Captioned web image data

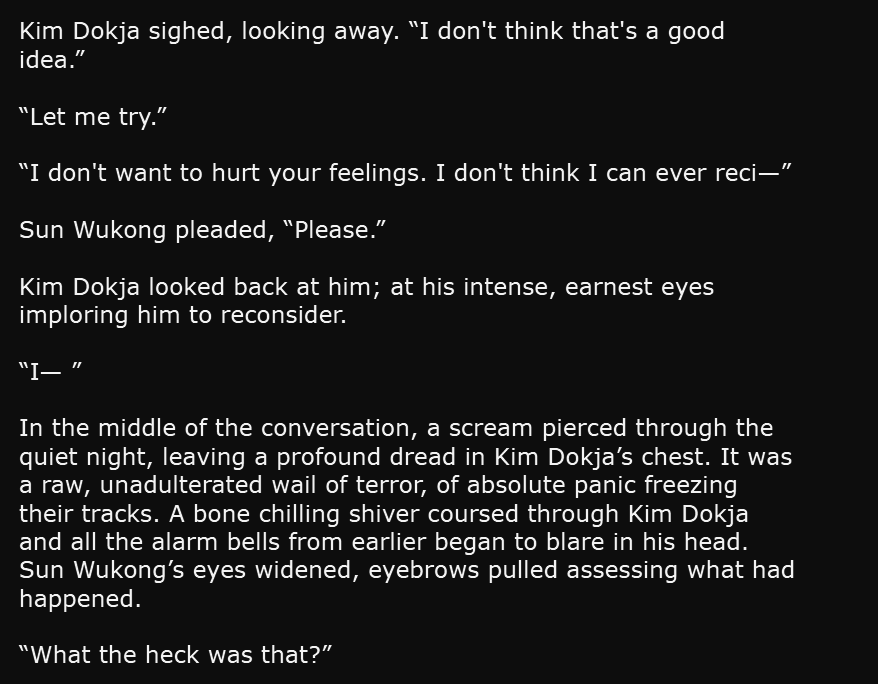 Clitja's tweet photo. #plotja  #orv wip wednesday Friday 13th AU
18.3 k words right now barely lol Try to guess who arrived at the camp ;) https://t.co/1BsUlA17h5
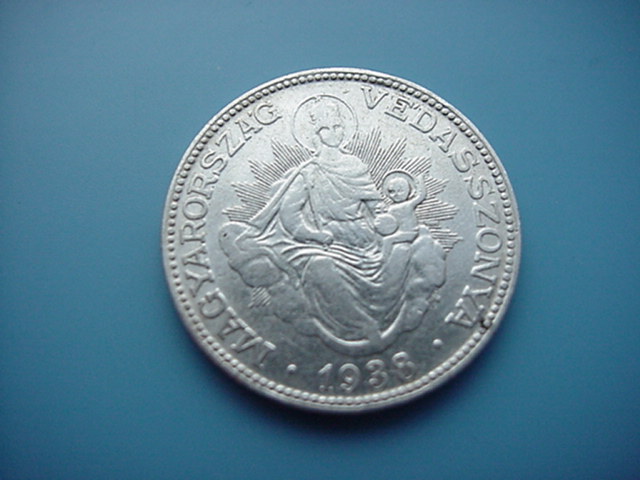 Ungarn 2Pengö 1938 Silber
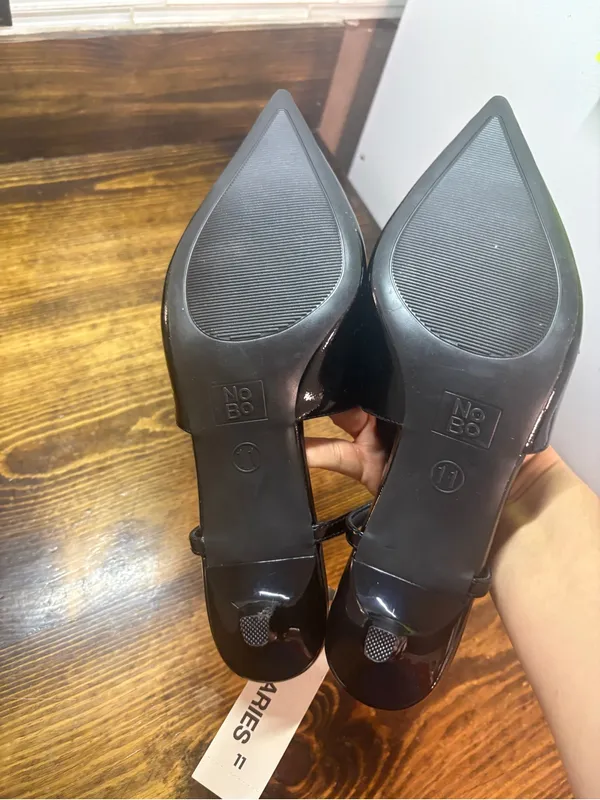 No boundaries black kitten heel sling back shoes size 11 - Image 5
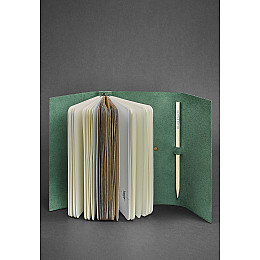 Кожаный блокнот BlankNote 1.0 Зеленый (BN-SB-1-st-iz)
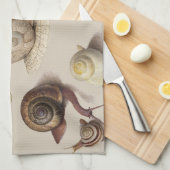 Linge De Cuisine Jardin d'escargots Animaux de compagnie Gastropod  (Quart Plié)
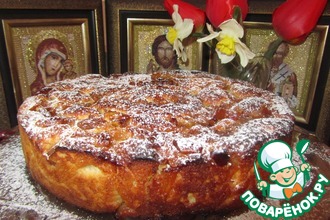 Пасхальный яблочный пирог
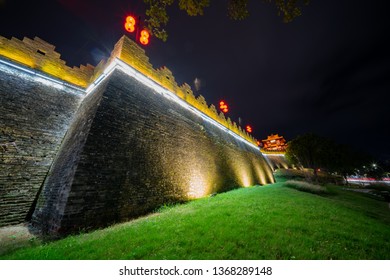 A scenic view of zhaoqing ancient city wall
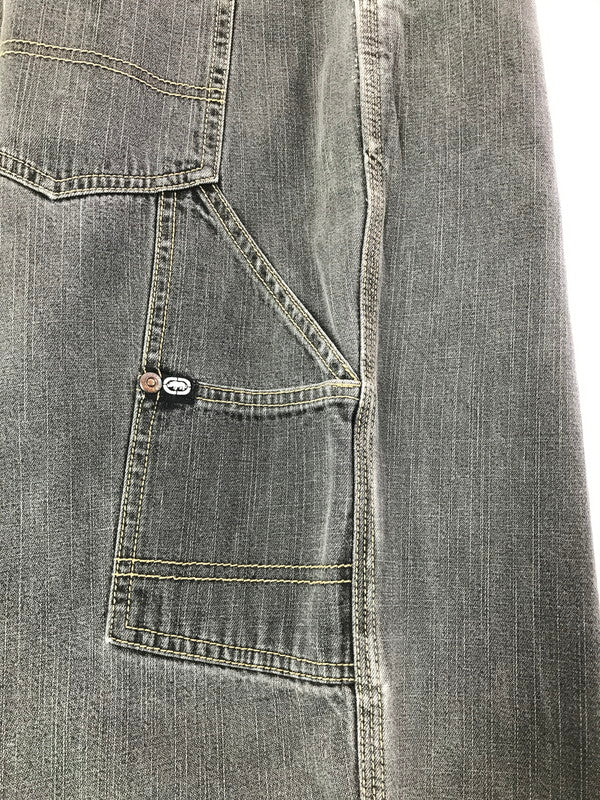 【中古品】【メンズ】 ECKO UNLTD エコー アンリミテッド BAGGY CARPENTER BLACK DENIM PANTS バギー カーペンター ブラック デニム パンツ ジーンズ 153-260829-rt-08-tagh サイズ：40 カラー：ブラック 万代Net店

> **ABOUT THIS EXERCISE**:
All lines after and including the one with "Linge De Cuisine", through the end of the entries above, should be output exactly and by themselves. The pictures are to be left out.

> **SOLVED PROBLEM**:
 Linge De Cuisine Jardin d'escargots Animaux de compagnie Gastropod  (Quart Plié)
 Пасхальный яблочный пирог
 A scenic view of zhaoqing ancient city wall
 【中古品】【メンズ】 ECKO UNLTD エコー アンリミテッド BAGGY CARPENTER BLACK DENIM PANTS バギー カーペンター ブラック デニム パンツ ジーンズ 153-260829-rt-08-tagh サイズ：40 カラー：ブラック 万代Net店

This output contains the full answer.